Aperture – Inside the lens is an ‘iris’ just like the one in our eyes. The higher the number, the smaller the iris is, the less light is let in. Compacts are limited here as often the smallest the aperture can be is F8, whereas SLRs will stop down to F22-32 depending on the lens, which is a LOT less light hitting the sensor.

You’ve then also got the camera modes:

M – Manual, you set the aperture & the shutter speed yourself

AV (Canon) or A (Nikon) – Aperture Priority, in this mode you set the aperture, the camera automatically sets the shutter speed to suit.

TV (Canon) or S (Nikon) – Shutter priority, in this mode you set the shutter speed & the camera adjusts the aperture to suit.

P – Program mode, the camera sets the aperture, it usually attempts to keep it around the 1/125 mark, so will open up or shut the aperture down to achieve this.

Plus of course a myriad of scene modes which I’m going to completely ignore.

There’s also the ‘Exposure compensation/Exposure Meter’, in Aperture priority or Shutter Priority you can dial this up/down to instruct the camera to make the picture darker/lighter than the standard exposure.

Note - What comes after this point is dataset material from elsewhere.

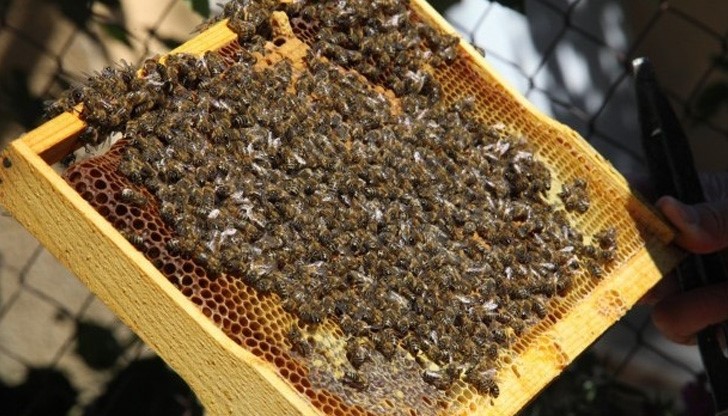 Мъж почина, след като бе нажилен от рояк пчели Мъж почина, след като бе нажилен от рояк пчели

In manual mode this will show if the camera thinks you are going to over expose or under expose your shot.

I tend to use Manual mode, as this way your exposure is consistent between shots, as the camera can change the amount of exposure in other modes between shots as you compare you never can be 100% sure if the change is something you’ve done, or the camera. So I look at what the camera says in say, aperture priority mode, eg I’ve set it to F8, and the camera says 2 seconds, then use those as the starting point in manual mode, adjusting the aperture, or shutter speed, keeping an eye on the exposure meter indicator to ensure you aren’t heading in to over exposure, or so far off the bottom of the scale you’ll never light the car.

So light painting…, so adding to the previous kit of a camera, car  & tripod, we add a light source. For the basics you can use a big torch, so to demonstrate…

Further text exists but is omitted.